Federal procurement officials may soon be able to prevent companies from receiving federal contracts simply because of whispers that a company has broken labor, occupational-safety or other federal laws. The three big federal procurement agencies (the Department of Defense, the General Services Administration and NASA)--who together control the Federal Acquisition Regulation (FAR)--proposed that change in July.
Currently, FAR says a federal procurement officer can keep a company from receiving a contract only if the company has an unsatisfactory record of compliance with laws and regulations.
In theory, that means a state or federal court or a federal agency has to have found the company guilty of violating a federal law in order to deny it a federal contract. In practice, however, contracting officers also take into account alleged violations when deciding whether to award a contract, according to Lynn Rhinehart, associate general counsel for the AFL-CIO. In some circumstances, she says, it may be appropriate for procurement officers to base their decisions on alleged violations, or "persuasive evidence of substantial [and repeated] noncompliance with a law or regulation."
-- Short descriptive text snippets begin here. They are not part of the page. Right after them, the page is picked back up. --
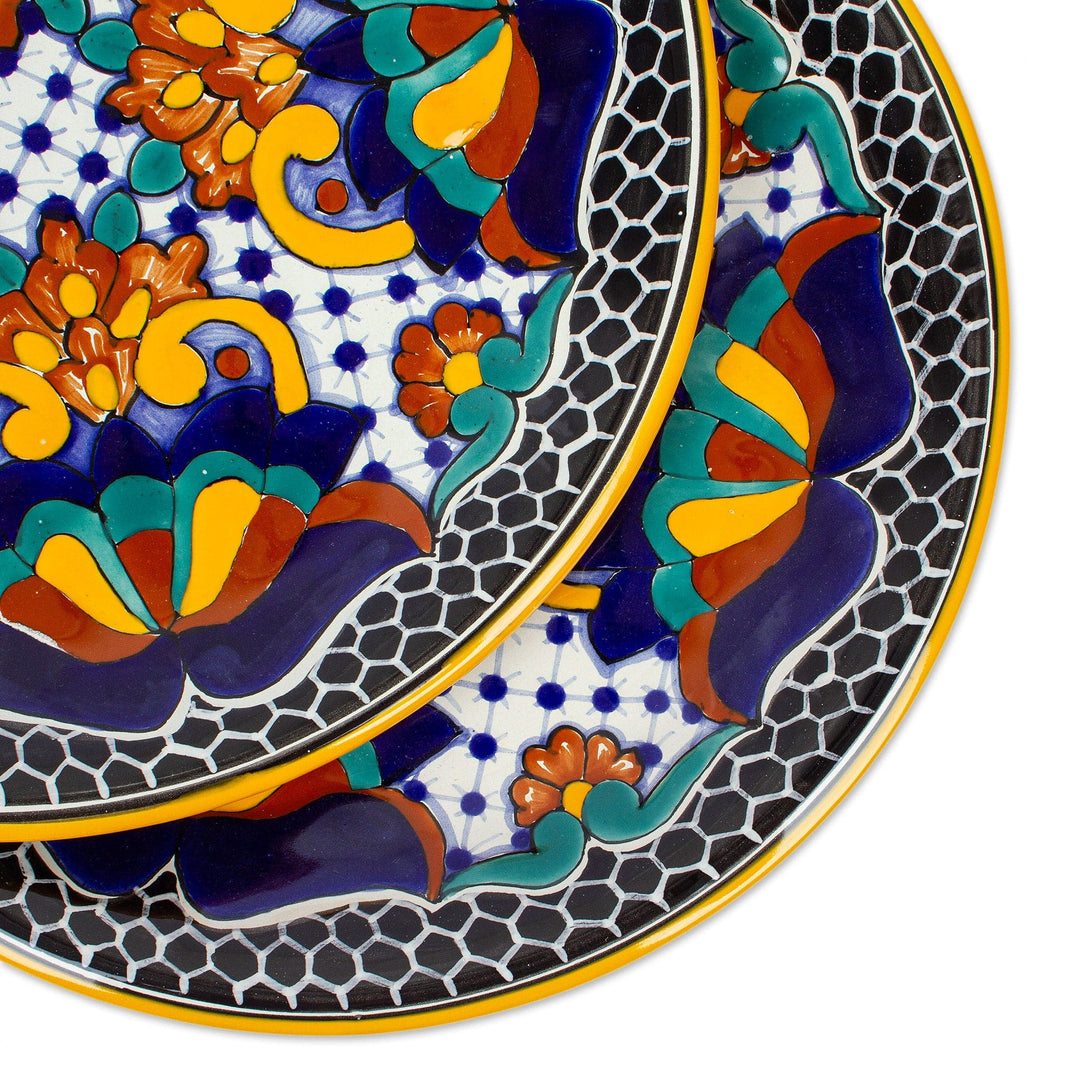 Artisan Crafted Ceramic 12-inch Dinner Plates (Pair) - Zacatlan Flowers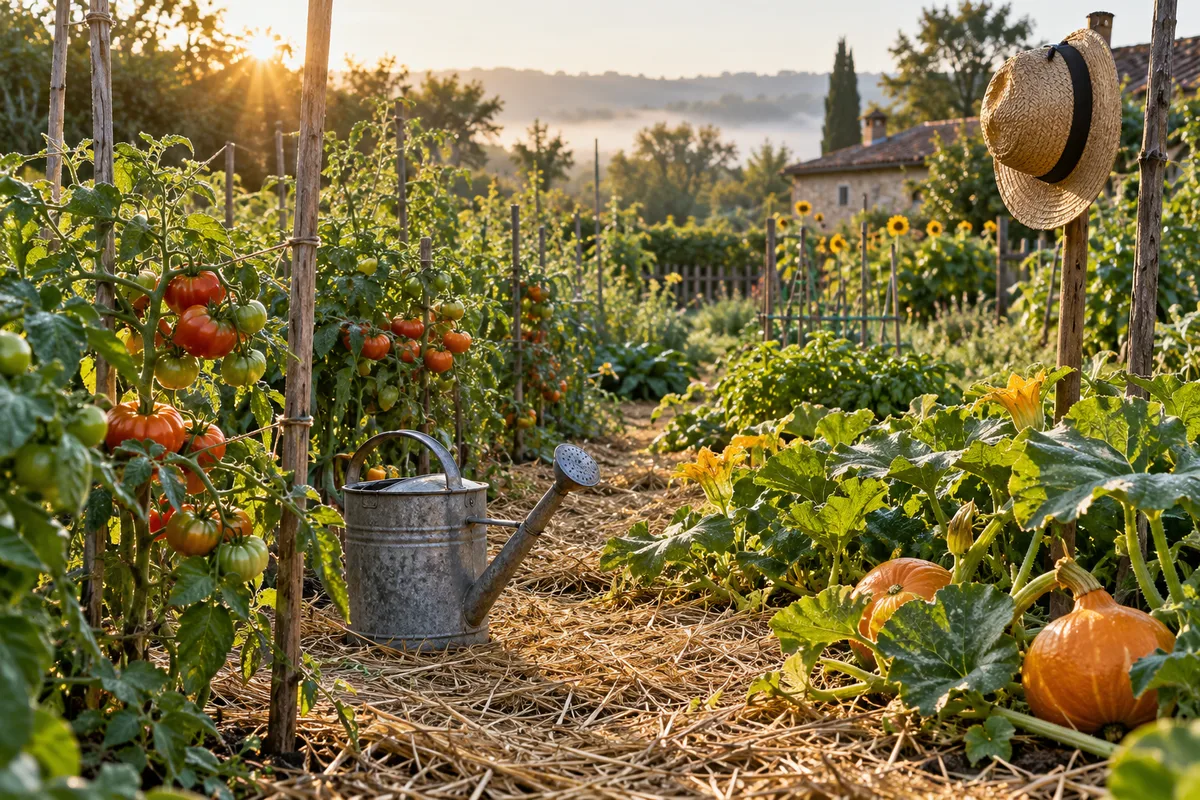 Potager en fin d&rsquo;été cultivé pendant une année sabbatique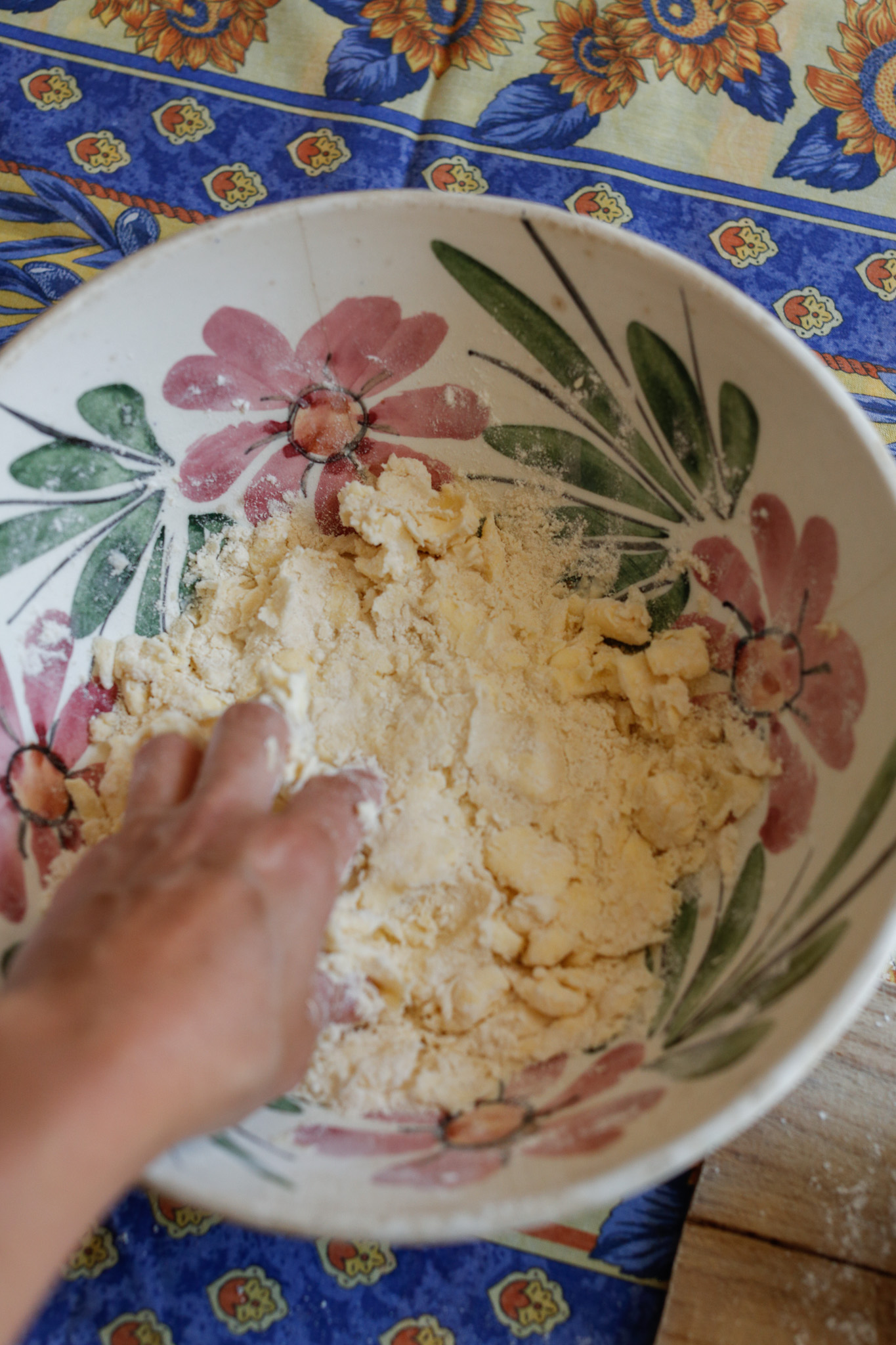 Do your best to flatten the dough and flip it onto itself in order to keep the butter pieces as intact as possible.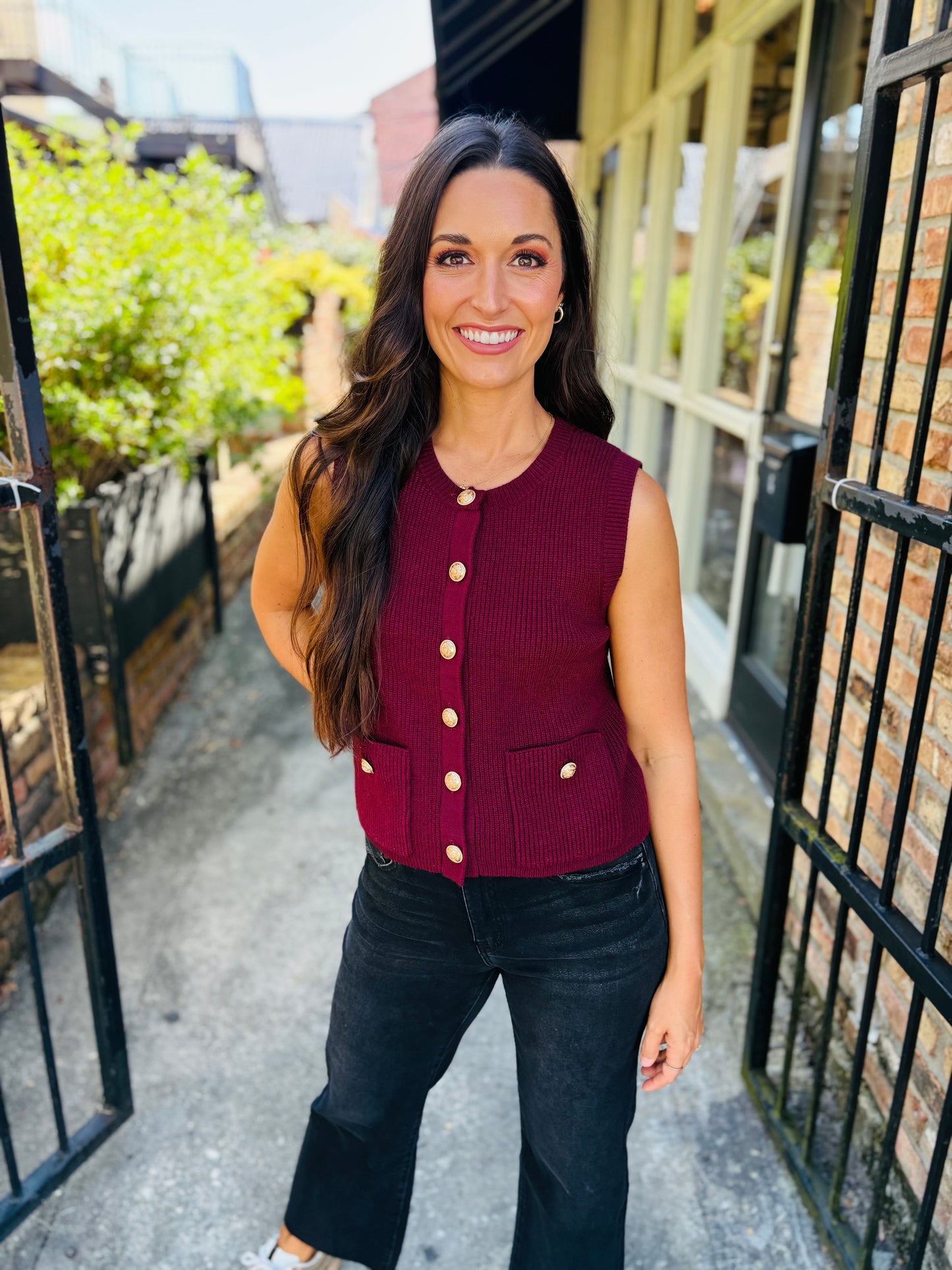 Aliya Sweater Top- Wine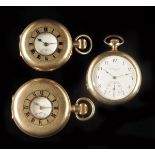 A 9ct gold half hunting cased keyless lever watch, white enamel dial and movement signed C.H.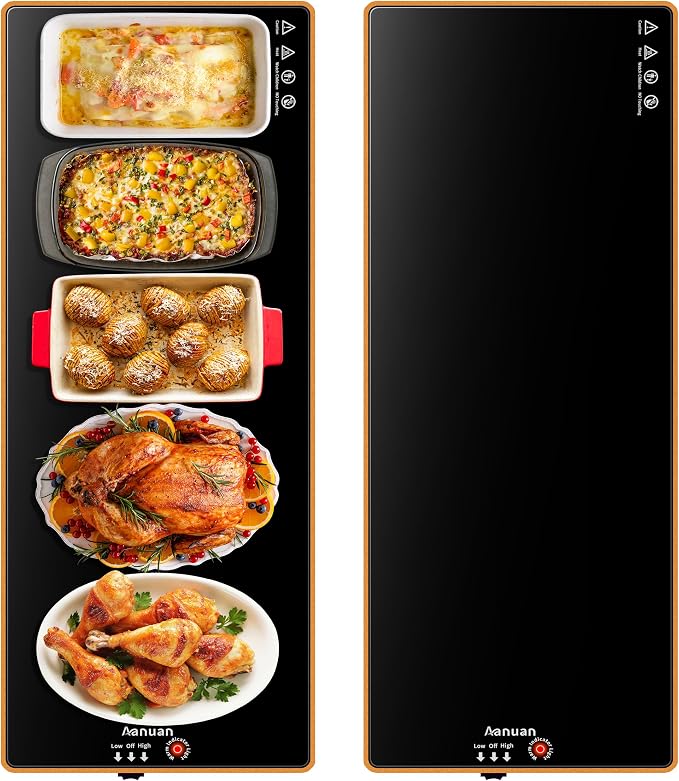 Warming Trays for Buffets Party, 40"x12", Tempered Glass Food Warmer, Black | Keep Food Warm,Electric Warming Mat For food for Daily Use, Button Temperature Control,Full Surface Warm,Build-in Thermostat by Aanuan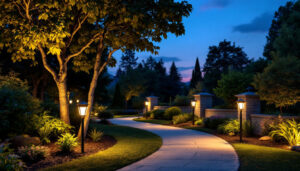 A photograph of a beautifully illuminated outdoor landscape at dusk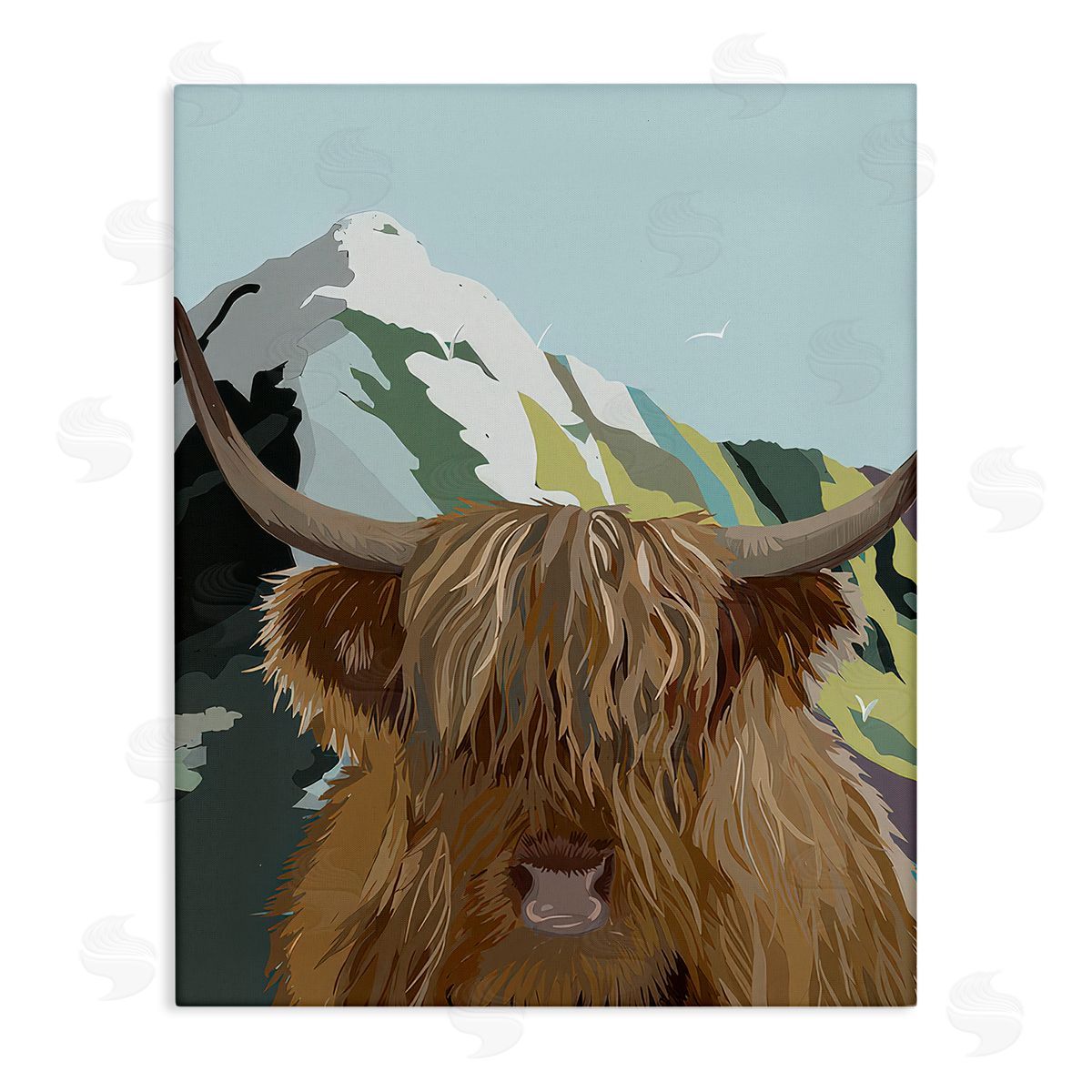 Betty Boynes Mountain Cattle Scene Canvas Wall Art Print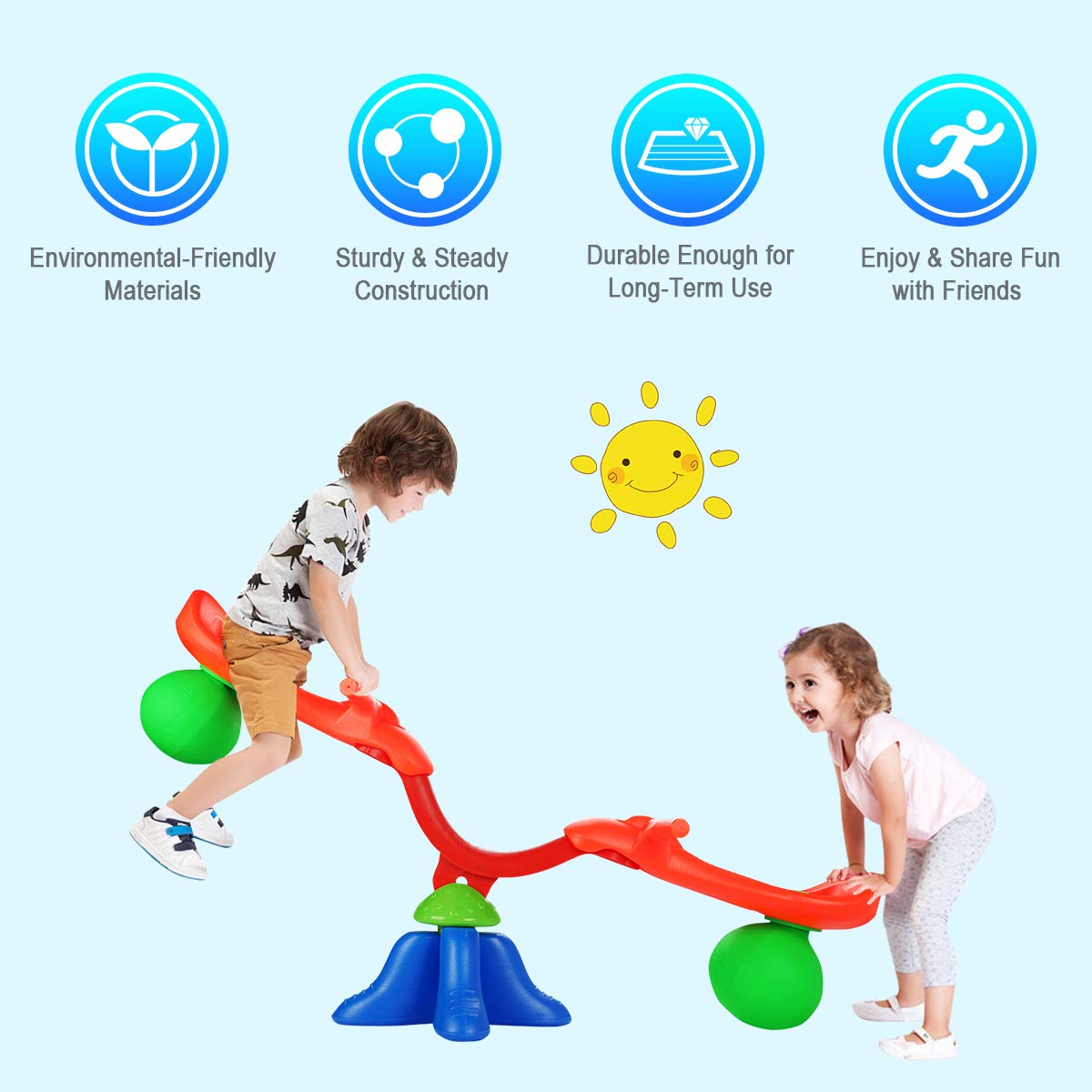 Kids Seesaw Swivel Teeter Totter Playground Equipment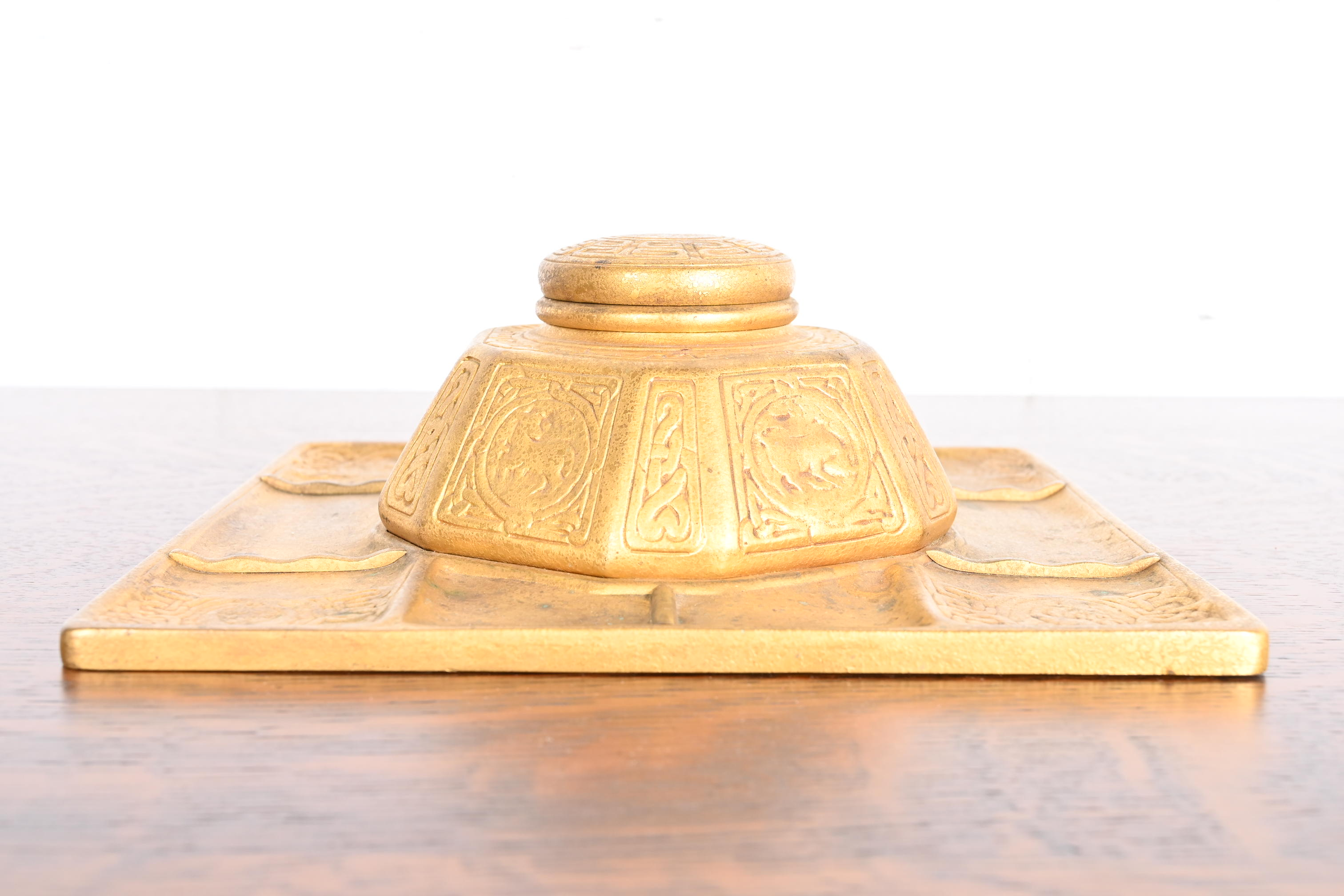 Tiffany Studios New York Zodiac Bronze Doré Partner's Inkwell With Desk Tray - Image 3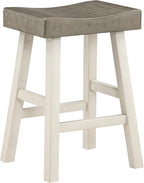 Lexicon Bar Table Set for 3, Small Kitchen Table Set Kitchen Island Table with 3 Saddle Bar Stools, 4 Piece Dining Table Set for Breakfast Nook, Living Room, Apartment, Counter Height, White/Coffee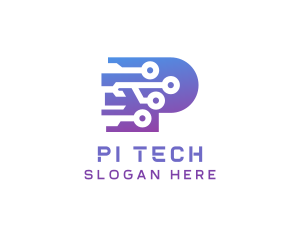 Digital Tech Letter P logo design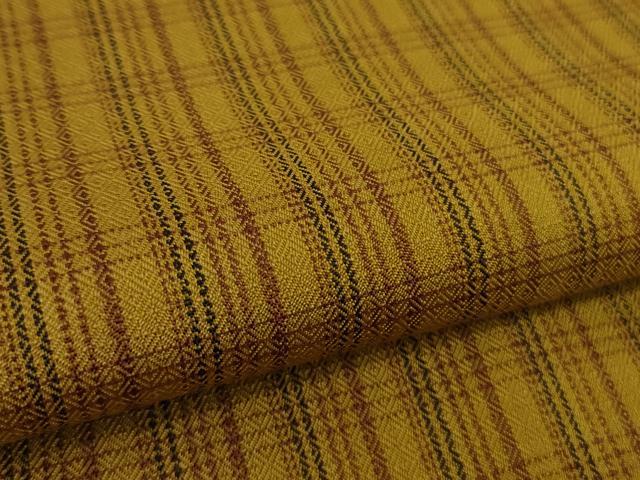 平和屋本店●極上　本場黄八丈　まるまなこ　紬　格子　逸品　DZAB6066kh6_6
Enter the procurement agencies' proposal, which formally puts the alleged violations standard into FAR. It also enumerates the broad range of federal violations that are of concern, a listing that's not included in the present FAR. If the proposal becomes final, a company could be barred from receiving a contract as a result of mere allegations that it has repeatedly violated federal law and established a pattern of such violations.
Rhinehart calls the proposal a clarification and affirmation of current practice. "It's not breaking any radical new ground," she insists. Proponents add that the proposal will help ensure the federal government does business only with those companies that work to maintain a clean record of compliance with federal laws and regulations.
Others, however, see a potential danger in passing such a proposal. Felix Martinez, director of procurement and federal markets for the American Consulting Engineers Council, notes that a union trying to organize a company could flood a federal regulatory agency--be it the EPA, the Equal Employment Opportunity Commission, the National Labor Relations Board or OSHA--with unsubstantiated complaints about the company. That might be enough to meet the new "persuasive evidence of substantial noncompliance" standard. Says Martinez, "Any lawyer worth his salt could slide something in there."
Trade associations that are members of the National Alliance Against Blacklisting, such as Food Distributors International (FDI), have also criticized the proposal. "The creation of such a sweeping blacklist of penalized or even debarred federal contractors and subcontractors is a blatant reward to the AFL-CIO," says John Block, president of FDI. "The president has given the unions the power to blackmail companies into accepting union-organizing and collective-bargaining demands. [These companies] face the possibility of losing all federal contracts."
Stephen Barlas is a business reporter who covers the Washington beat for 15 magazines.